Soit "vous avez une adresse IP locale et n'êtes peut être pas en mesure de vous connecter à internet"
Le personnel de l'hotel... c'est celui du week end... on est sous les cocotiers ici...

---------- Nouveau message ajouté à 19h49 ---------- Le message précédent a été envoyé à 19h43 ----------

D'après ce que j'ai pu piocher sur les forums anglophones (mais je n'ai pas trouvé mon cas) se pourrait-il que il y ait (excusez mon language d'ignare) une histoire de filtre mac dans le réseau de l'hotel et que mon mac ne soit plus reconnu... non, en fait si c'était le cas mon login-mot de passe ne serait plus reconnu, mais j'aurais toujours accès à la page de safari où je rentre login et mot de passe...


----------



## pascalformac (26 Avril 2009)

Humm
il etait inutile de supprimer une configuration 
il fallait en créer une !

( on peut en avoir plusieurs et passer de l'une à l'autre à la main ou laisser le mac renifler)

et comme déjà dit 
les fichiers de réseau sont  là
'DD/ bibliotheque/Preferences/SystemConfiguration/

détails des fichiers
http://discussions.apple.com/thread.jspa?messageID=9190245

ne PAS jeter le DOSSIER
mais normalement en déplacant les plists tu les recreras à reconfiguration
( ne les jette pas si y a un truc zarbe à recréation)


enfin 
il y a aussi  deux choses qui peuvent jouer
1- le parefeu
2- les réparations des autorisations

http://discussions.apple.com/thread.jspa?messageID=9190245


----------



## banjo974 (26 Avril 2009)

Les autorisations, c'est réparé, avec techpro tools
Pour le pare feu, il est sur ses réglages de base (je crois que c'est quelque chose comme "autoriser toutes les connections entrantes"
Désolé je suis pas devant la machine, je suis au boulot, là j'ai un accès internet et je peux poster sur le forum

---------- Nouveau message ajouté à 21h07 ---------- Le message précédent a été envoyé à 20h58 ----------

Merci pour tous vos tuyaux, j'essaye tout ça demain matin (il est 21 h ici)
Pourvu que ce soit suffisant!!!

---------- Nouveau message ajouté à 21h24 ---------- Le message précédent a été envoyé à 21h07 ----------




pascalformac a dit:


> Humm
> il etait inutile de supprimer une configuration
> il fallait en créer une !
> 
> ...


Est ce que je peux utiliser time machine pour récupérer les préférences de la période ou ça fonctionnait bien?


----------



## pierre22 (26 Avril 2009)

Bonjour Banjo974,

Si rien n'a fonctionné, vous pouvez aussi :

Dans Application ouvrir connexion Internet sélectionner air port dans le champ réseau choisir autre
Un panneau apparaît dans nom de réseau=> clic sur triangle noir et sélectionner votre connexion exemple : Wanadoo efa5

Dans le champ sécurité sans fil, choisir clé hexadécimale, et non mot de passe wep
saisir voir mot de passe.

Cordialement


----------



## pascalformac (26 Avril 2009)

banjo974 a dit:


> Est ce que je peux utiliser time machine pour récupérer les préférences de la période ou ça fonctionnait bien?

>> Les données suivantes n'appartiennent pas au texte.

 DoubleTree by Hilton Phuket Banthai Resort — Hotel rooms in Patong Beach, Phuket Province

ca c'est une idée qui devrait marcher

tu ne perds rien à tenter


----------



## banjo974 (26 Avril 2009)

pierre22 a dit:


> Bonjour Banjo974,
> 
> Si rien n'a fonctionné, vous pouvez aussi :
> 
> ...


 Bonjour Pierre22,
Ca c'est ce que j'ai du faire quand j'ai acheté le mac et que je me suis connecté à ma box la première fois... j'ai un peu cherché.
Mais là, c'est un peu comme dans les aéroports: la connection au réseau est libre (sans mot de passe), et en fait on n'a pas accès à internet tant qu'on a pas ouvert safari ou firefox (ça aussi il faut comprendre quand on cherche juste à relever ses mails avec Mail), et là, safari est redirigé vers une page ou on me demande d'entrer login et mot de passe, puis de cliquer sur connecter.
Là seulement on a  accès à internet normalement (pour toutes les applications)

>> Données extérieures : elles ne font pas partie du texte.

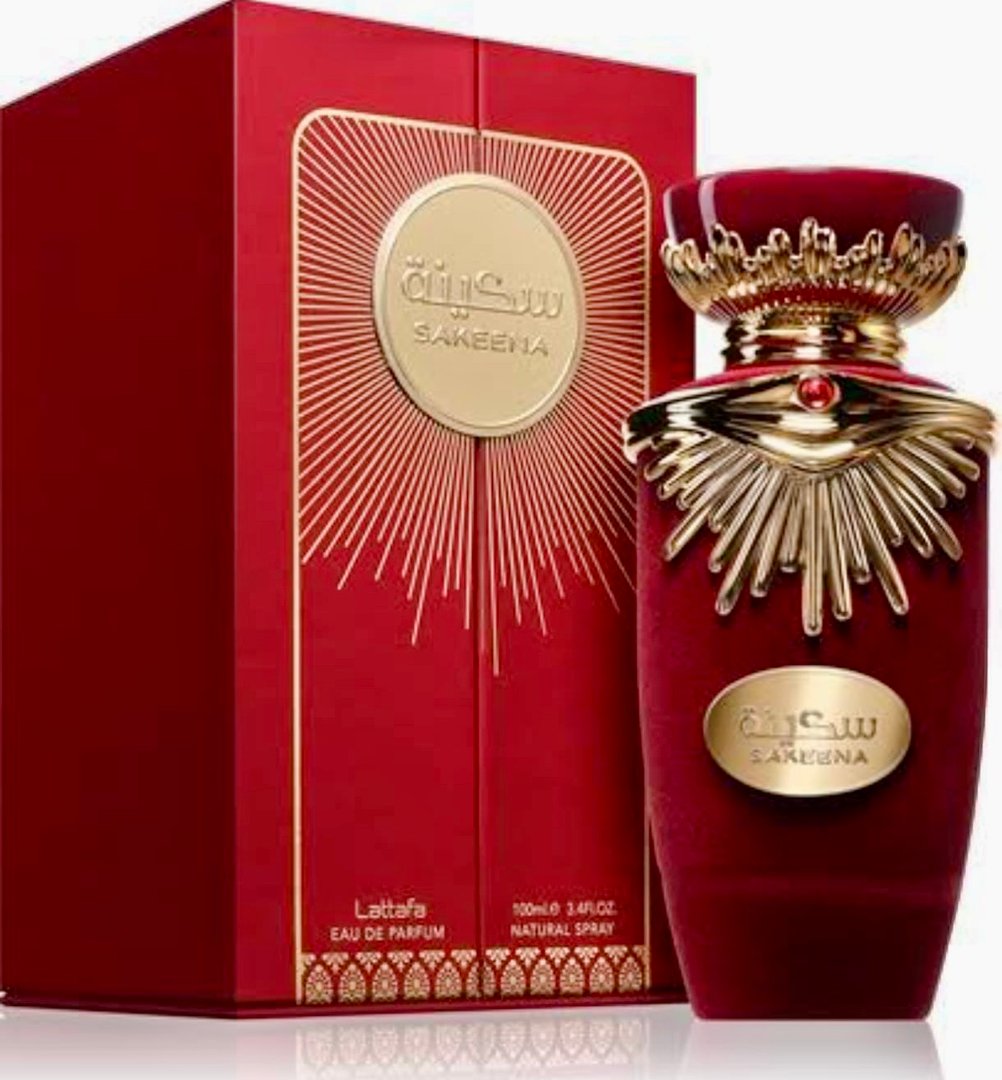 Lattafa Sakeena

Mais dans mon cas actuel airport trouve le réseau (il me dit que j'y suis connecté dans la barre de menus, en tout cas le nom du réseau est coché) mais Safari (ne trouve pas internet et donc ne peut pas me mener à ma page de login...
D'ailleurs cette page je n'y ai eu accès que la première fois pour m'identifier, ensuite, les 2 jours ou tout a bien marché, je n'ai pas eu besoin d'y retourner... jusqu'à ce que j'active wifi sur mon iphone, que j'ouvre safari, que j'entre mon login-mot de passe... là j'ai eu sur l'iphone "impossible de vous connecter" et depuis rien ne va plus sur mon mac
Désolé pour cette littérature mais ju'essaye de détailler...

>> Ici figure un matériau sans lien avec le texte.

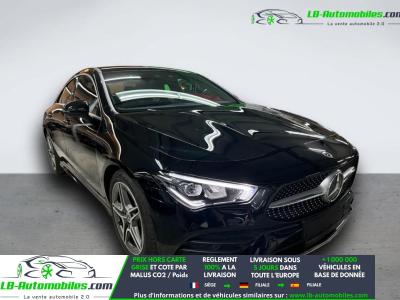 Mercedes CLA Berline 220 d BVA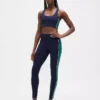GapFit Power sports-BH med middels støtte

---------- Nouveau message ajouté à 22h17 ---------- Le message précédent a été envoyé à 22h10 ----------




pascalformac a dit:


> ca c'est une idée qui devrait marcher
> 
> tu ne perds rien à tenter


 
J'essaye de ne restaurer que les fichiers de préférences réseau comme tu me les as décrites, ou je fais plus?
Je n'ai jamais utilisé time machine pour restaurer... c'est facile d'usage?


----------



## Moonwalker (26 Avril 2009)

Un truc auquel on pense rarement mais qui est champion pour mettre un souk d'enfer : le Trousseau d'accès.

Remettre la configuration réseau à zéro et effacer les anciens identifiants dans le trousseau d'accès avant d'en entrer une nouvelle.


----------



## pierre22 (26 Avril 2009)

Une petite idée peut-être idiote: l'Iphone ne perturberait pas la connexion?
Eteignez le pour voir


----------



## banjo974 (26 Avril 2009)

pierre22 a dit:


> Une petite idée peut-être idiote: l'Iphone ne perturberait pas la connexion?
> Eteignez le pour voir


J'en ai désactivé le module wifi dès le début des gags, pensant à un conflit d'identité des 2 machines sur le réseau... mais non c'est pas ça, en tout cas ça ne suffit pas


----------



## banjo974 (27 Avril 2009)

Bonjour à tous,
J'ai restauré les fichiers preferences avec time machine... et tout fonctionne comme avant, j'ai même retrouvé toutes mes clés wep enregistrées.
Vous êtes formidables, merci à tous
Xavier


----------



## pierre22 (27 Avril 2009)

Très contents


----------